Interesting thought. We ran into the same issue working on a recommendation system engine as well and previously tried to build a solution around it. Curious to know what’s driving your interest in post-analysis?
Also, happy to share our learnings of working with a social media customer. For them, key motivation was to understand where the model is failing and hence, understand how to improve it. They started with offline experiments with focus on improving AUC but the graph saturates pretty quickly. While an incremental model improvement didn't lead to a sizeable change in offline metrics, it can impact retention of a certain user group and hence, overall revenue. They are using us to get insights on online experimentation. They have defined custom measures to monitor the distribution of model outputs and are able to determine the difference in model's performance much more effectively as compared to relying on changes in business metrics like retention, revenue, etc. This helps them to find out poor-performing cohorts and roll-out model improvements in weeks, not months. Would also love to hear what issues you ran into?
Oh, to be specific, the platform was oriented towards test practice and our objective was to recommend questions in a sequence.

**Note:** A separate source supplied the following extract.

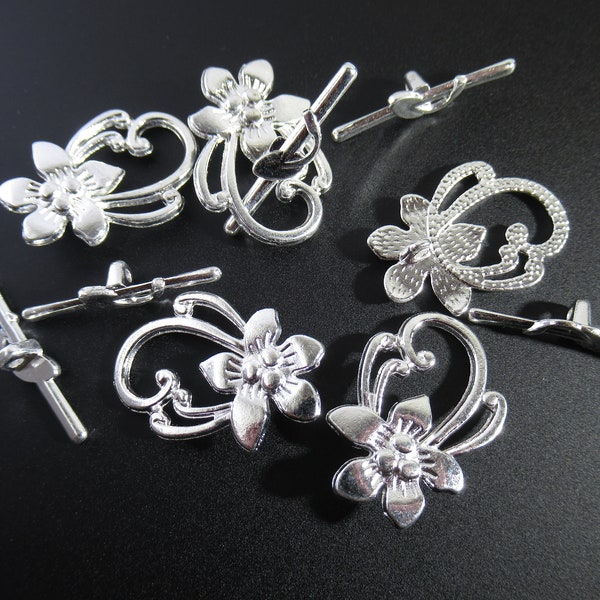 12 Sets Flower Toggles, Bright Silver Flower: 28mm long Craft DIY Jewelry Supply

One good strategy that correlated with session length for us was asking questions that were neither too difficult or easy, based on what we knew of the user's level at that instant. The post hoc analysis was really meant to dig into multiple user sessions and see if the current method was working and evaluate counterfactual strategies.
I imagine the Uptrain product could help us segment user cohorts, find out which ones aren't performing super well etc. Would love to hear what you ended up building too?